When copying the data below, keep only the lines from the one with "The second most" through the one with "So to sum it", word for word, and skip the pictures.

[Exercise data — start]

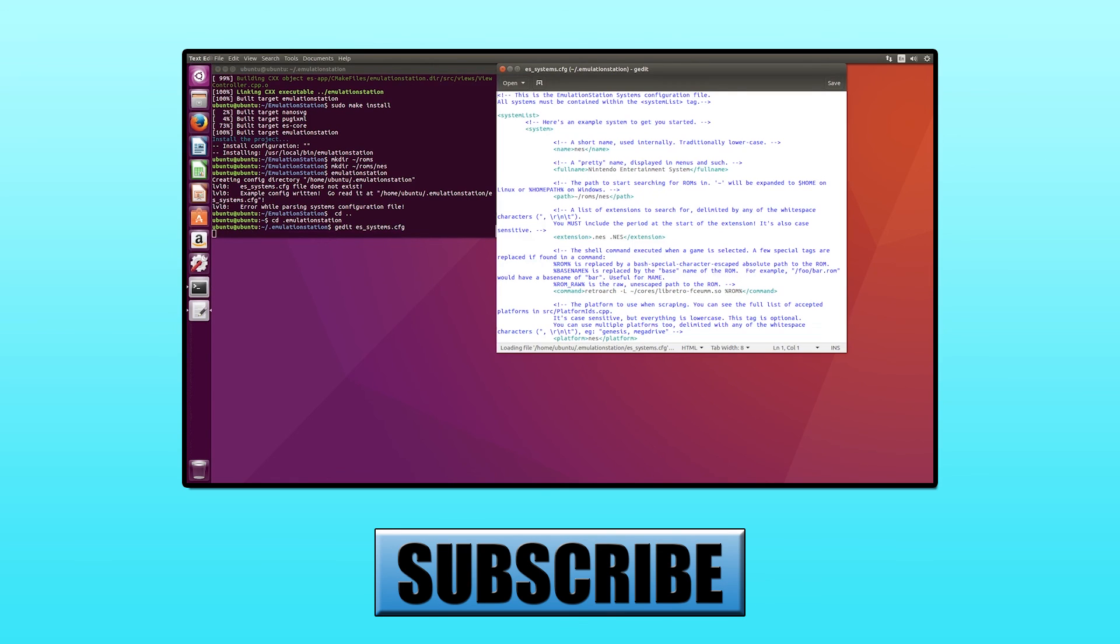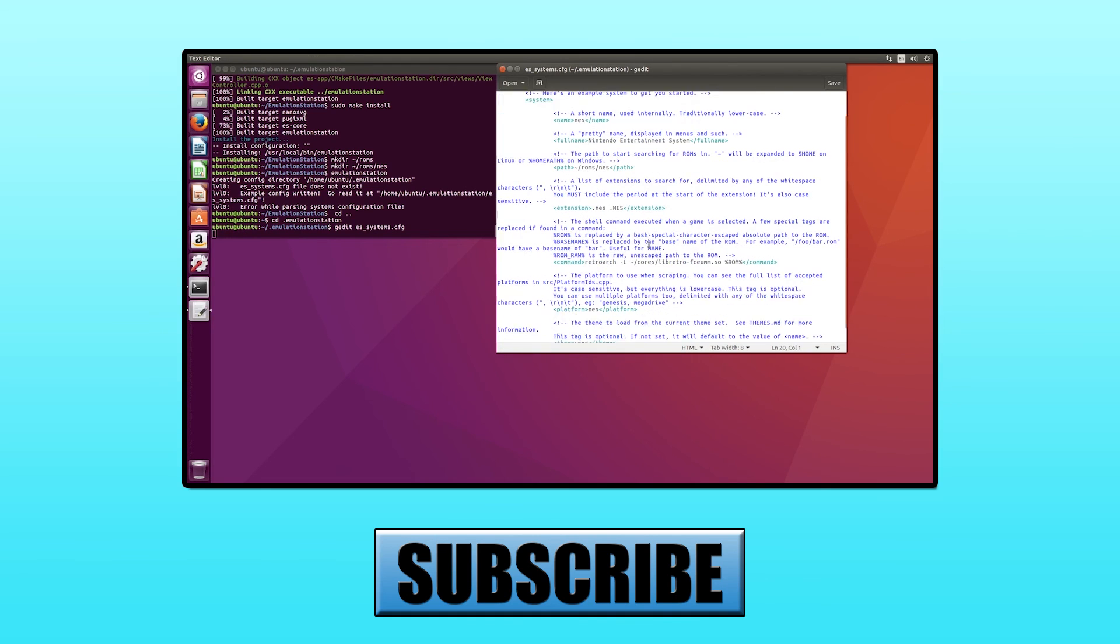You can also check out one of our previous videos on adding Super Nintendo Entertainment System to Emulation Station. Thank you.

[Exercise data — finish]
[Exercise data — start]

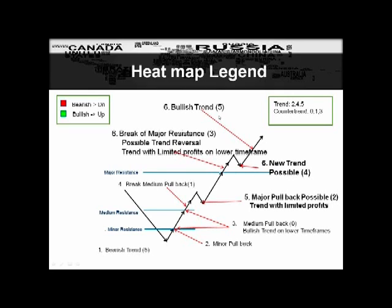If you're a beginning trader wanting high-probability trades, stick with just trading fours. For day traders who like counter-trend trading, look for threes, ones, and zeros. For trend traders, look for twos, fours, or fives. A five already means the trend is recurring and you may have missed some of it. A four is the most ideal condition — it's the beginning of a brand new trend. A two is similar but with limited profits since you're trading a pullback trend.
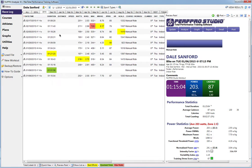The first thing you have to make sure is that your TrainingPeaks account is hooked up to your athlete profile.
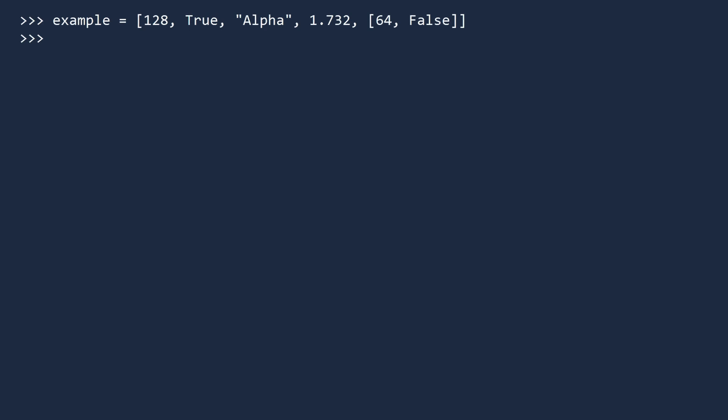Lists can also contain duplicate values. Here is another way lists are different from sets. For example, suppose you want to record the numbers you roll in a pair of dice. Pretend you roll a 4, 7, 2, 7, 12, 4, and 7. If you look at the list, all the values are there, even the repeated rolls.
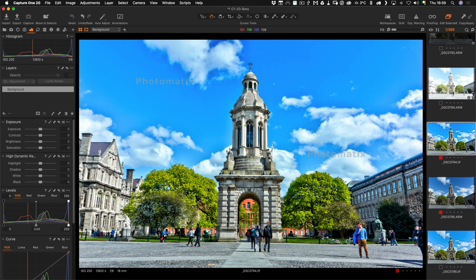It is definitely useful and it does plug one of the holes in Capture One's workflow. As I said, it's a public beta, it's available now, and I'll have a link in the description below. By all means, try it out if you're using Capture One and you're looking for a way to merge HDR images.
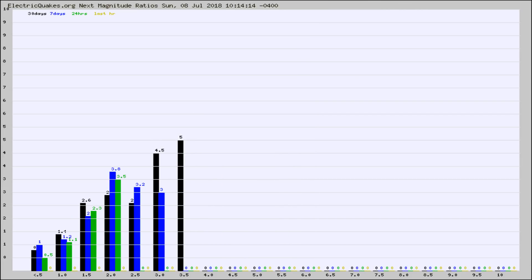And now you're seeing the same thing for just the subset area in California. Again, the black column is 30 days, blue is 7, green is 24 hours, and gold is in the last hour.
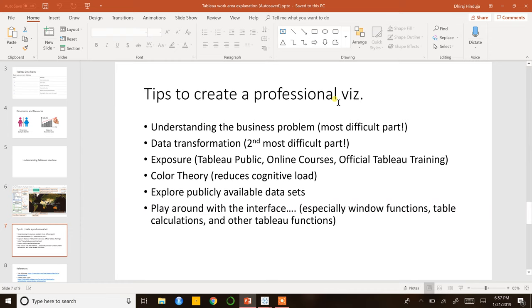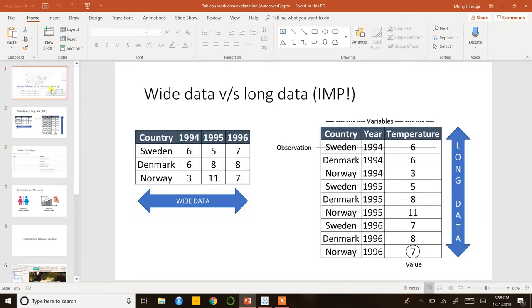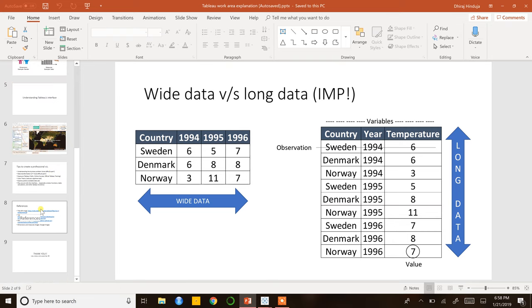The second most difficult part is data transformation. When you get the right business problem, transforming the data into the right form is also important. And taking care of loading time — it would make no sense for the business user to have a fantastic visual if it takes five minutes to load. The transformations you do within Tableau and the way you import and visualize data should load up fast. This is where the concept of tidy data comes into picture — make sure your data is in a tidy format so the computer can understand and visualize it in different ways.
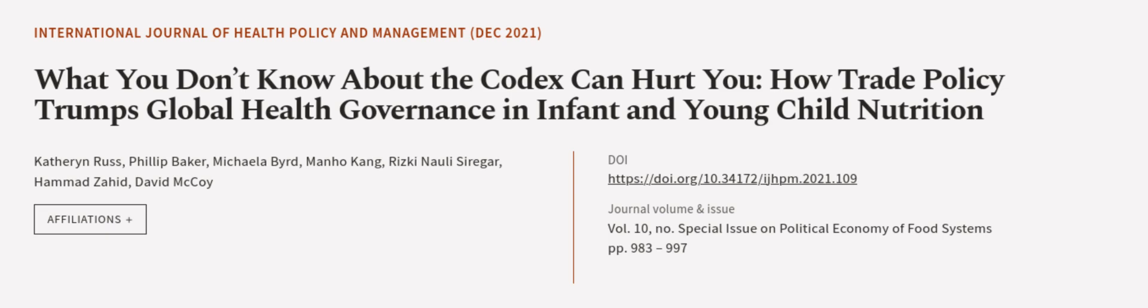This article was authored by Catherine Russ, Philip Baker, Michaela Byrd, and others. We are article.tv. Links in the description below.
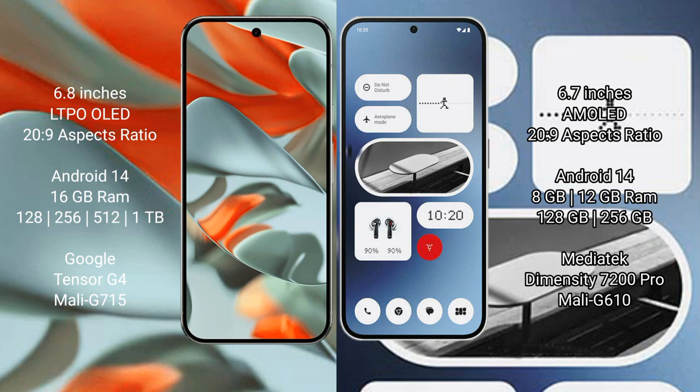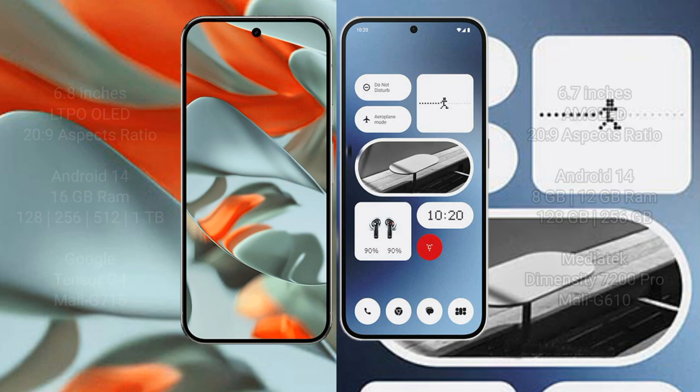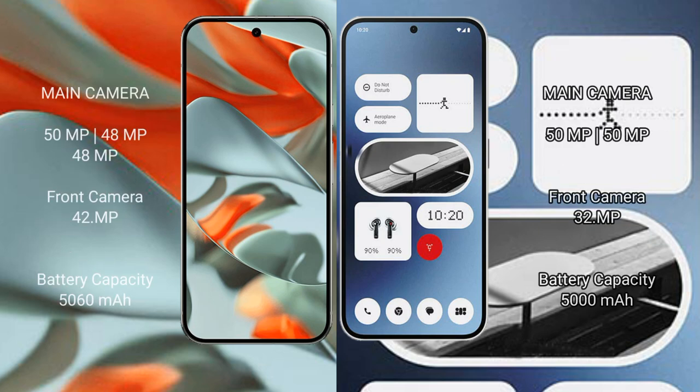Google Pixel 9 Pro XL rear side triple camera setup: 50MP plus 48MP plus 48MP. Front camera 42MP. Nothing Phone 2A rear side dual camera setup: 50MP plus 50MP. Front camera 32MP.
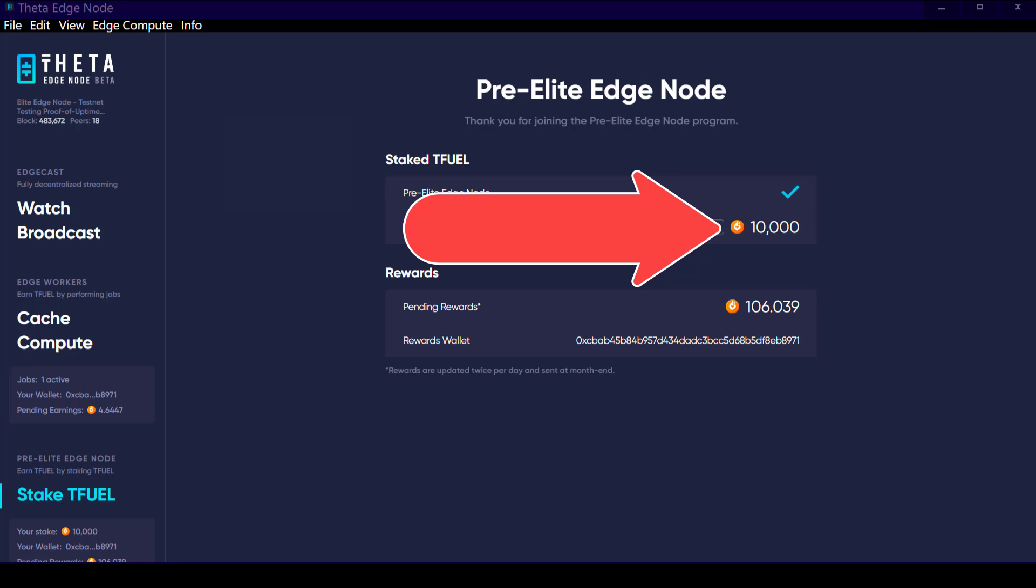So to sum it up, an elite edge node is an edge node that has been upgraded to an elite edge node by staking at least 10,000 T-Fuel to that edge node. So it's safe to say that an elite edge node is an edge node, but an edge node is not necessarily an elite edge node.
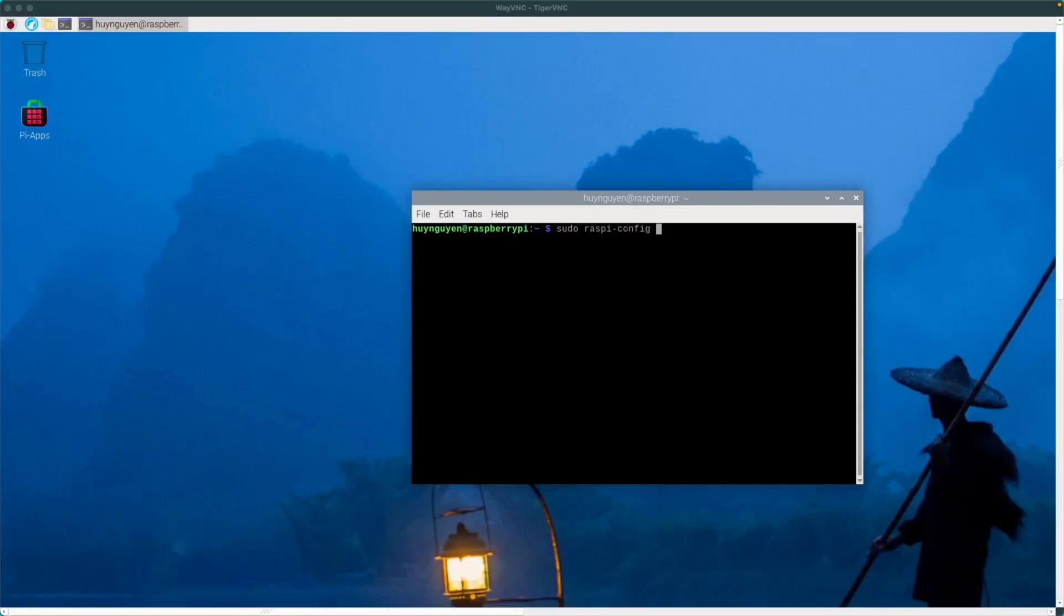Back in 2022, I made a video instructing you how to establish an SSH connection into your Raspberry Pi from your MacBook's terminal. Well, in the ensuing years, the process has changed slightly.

[Exercise data — finish]

(Written answer):
The second most difficult part is data transformation. When you get the right business problem, transforming the data into the right form is also important. And taking care of loading time — it would make no sense for the business user to have a fantastic visual if it takes five minutes to load. The transformations you do within Tableau and the way you import and visualize data should load up fast. This is where the concept of tidy data comes into picture — make sure your data is in a tidy format so the computer can understand and visualize it in different ways.
This article was authored by Catherine Russ, Philip Baker, Michaela Byrd, and others. We are article.tv. Links in the description below.
Google Pixel 9 Pro XL rear side triple camera setup: 50MP plus 48MP plus 48MP. Front camera 42MP. Nothing Phone 2A rear side dual camera setup: 50MP plus 50MP. Front camera 32MP.
So to sum it up, an elite edge node is an edge node that has been upgraded to an elite edge node by staking at least 10,000 T-Fuel to that edge node. So it's safe to say that an elite edge node is an edge node, but an edge node is not necessarily an elite edge node.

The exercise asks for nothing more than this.